I still have so far to go with my walking but I feel as if there has been some slight improvement. This morning I try walking with just the one crutch. I do it in the hallway just outside the gym so if I can’t do it, it’s not far and I won’t be in too much trouble from Chris for attempting something I am perhaps not ready for.
Two of the other physios monitor my walking and comment that I am not walking as well as they have seen and tell me to swap sides with the crutch. Sure I can walk better with the crutch on the left side but I’m not doing it properly and it’s not what Chris wants.
The male physio makes some slightly cruel comments about my walking and imitates my limp with a gross exaggeration. I know it is all in jest but it reminds me of the kids at school when I was young and they would poke fun and mock how I walked. It didn’t happen often but it hurt when it did.
He also tells me my leg is the least trendy of the three. Yeah it is also the least expensive of the three. Way to kick me where it hurts. Thanks a lot.
It’s good to have Dan in here with me today. Unlike Ali he seems to be struggling with a lot of the same walking issues as me and is also lacking muscular strength. It’s really good to be able to talk to him about it all.
He comments that he had seen me in the hall and thought I was sailing through it all and is surprised to realize I am struggling just as much as him. Like me he felt inadequate compared to how easy Ali has been finding things.

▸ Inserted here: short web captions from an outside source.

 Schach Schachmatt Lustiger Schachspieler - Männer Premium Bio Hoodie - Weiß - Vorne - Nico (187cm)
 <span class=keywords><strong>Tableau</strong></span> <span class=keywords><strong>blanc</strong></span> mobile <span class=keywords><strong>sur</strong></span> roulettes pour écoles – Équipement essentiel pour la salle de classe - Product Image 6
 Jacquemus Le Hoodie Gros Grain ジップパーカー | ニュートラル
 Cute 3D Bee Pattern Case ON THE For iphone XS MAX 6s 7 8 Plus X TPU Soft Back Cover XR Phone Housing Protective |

“I thought since you wore the leg all the time previously this would have helped you,” he tells me.
It’s funny really. All along people have constantly told me how ‘lucky’ I was to have been an amputee from birth. How I must be used to it since I don’t know any different. Dr Al Muderis almost didn’t perform the operation on me as he thought I was managing too well since I wore my leg all the time previously. And then everyone seemed to assume and told me I would find this learning to walk business quite easy as I had never really stopped walking. I hadn’t been on crutches prior to the operation so it seemed assumed I would just put this leg on and away I would go.

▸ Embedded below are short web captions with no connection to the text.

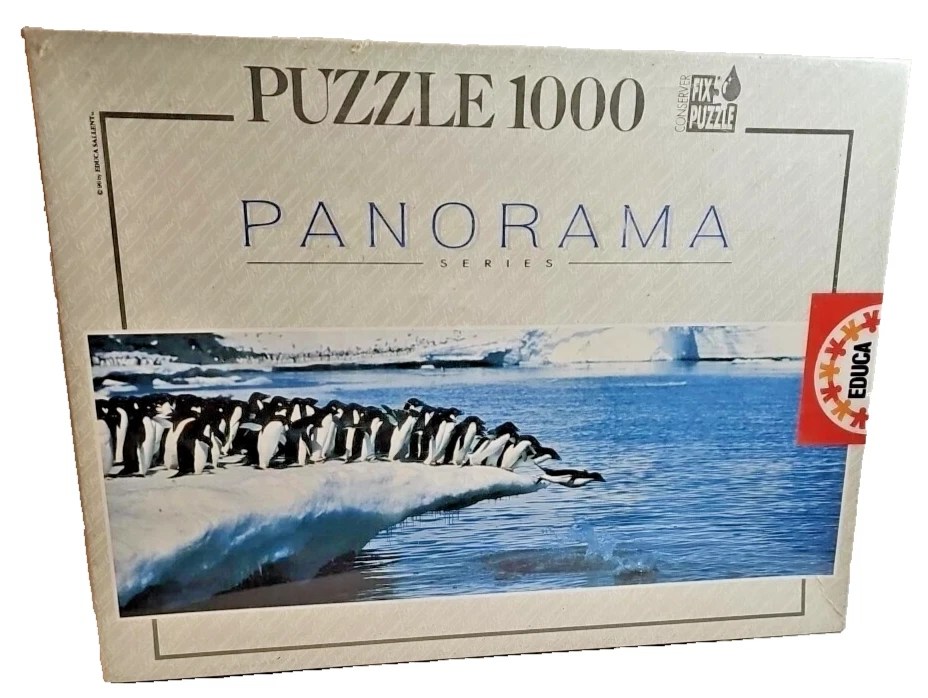 Penguins Panorama 1000-pc Jigsaw Puzzle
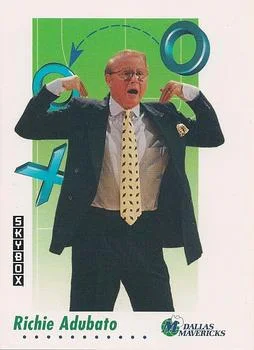 1991-92 SkyBox Richie Adubato CO #383 card image
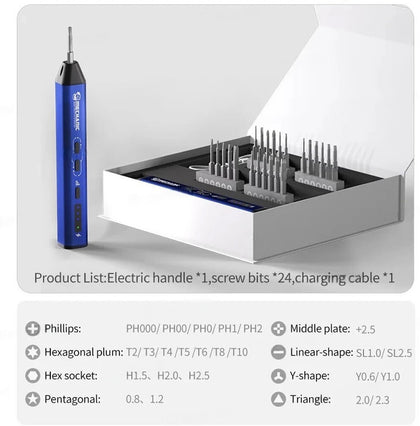 SET DE DESARMADORES ELECTRICO 24 EN 1 MECHANIC ES240
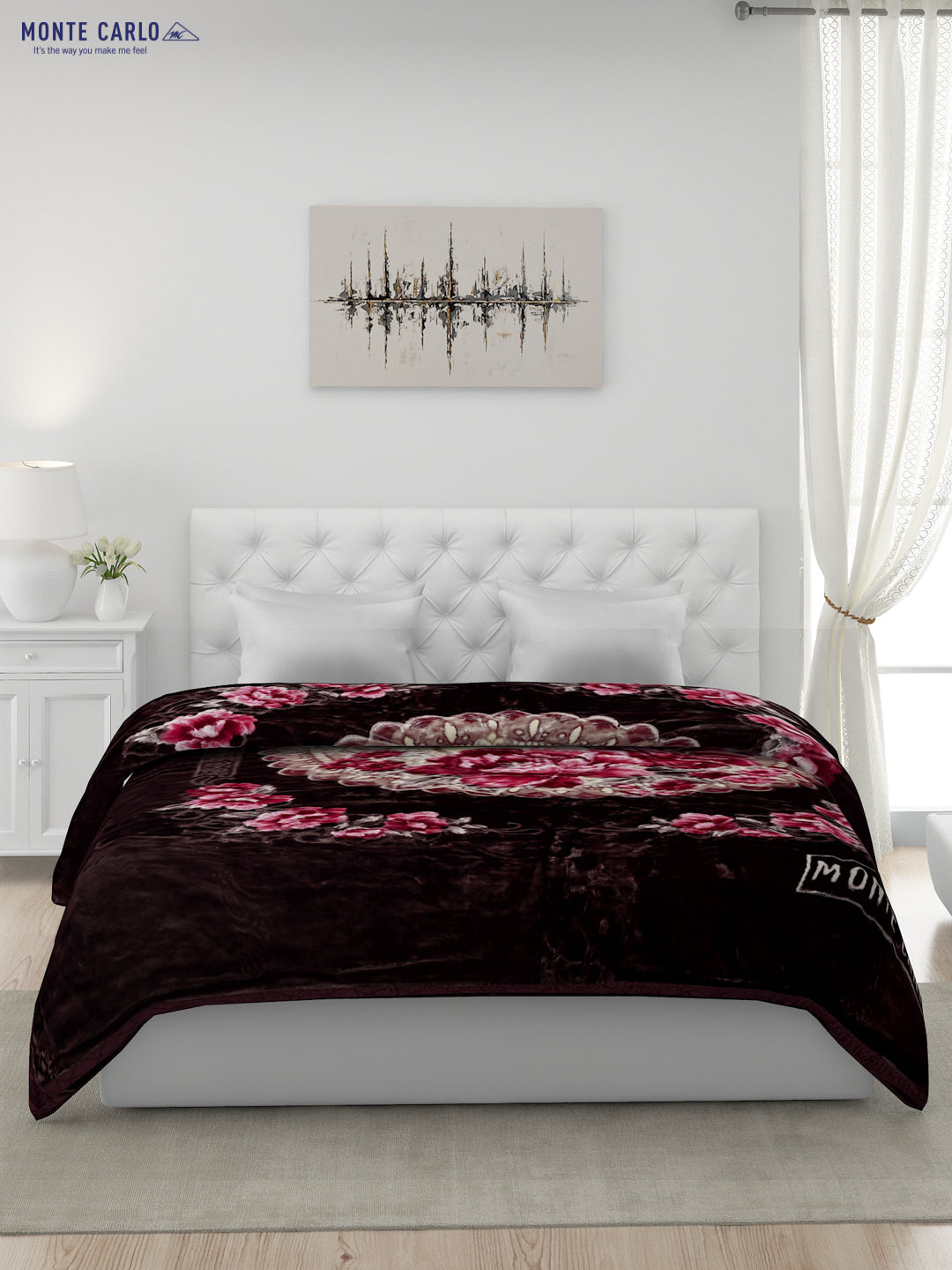 Printed Double Bed Blanket for Heavy Winter -2 Ply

But in fact, being an amputee from birth has not made me ‘lucky’ in this case. It has not helped in the slightest. In fact it has made it far harder. Since I never had a real leg those muscles never developed so I have far more work to do to build them up plus since I walked with the old leg for 25 years, I have 25 years of bad habits to break. My brain needs to be completely retrained.
But perhaps I was dealt this hand in life because I am strong enough to live it.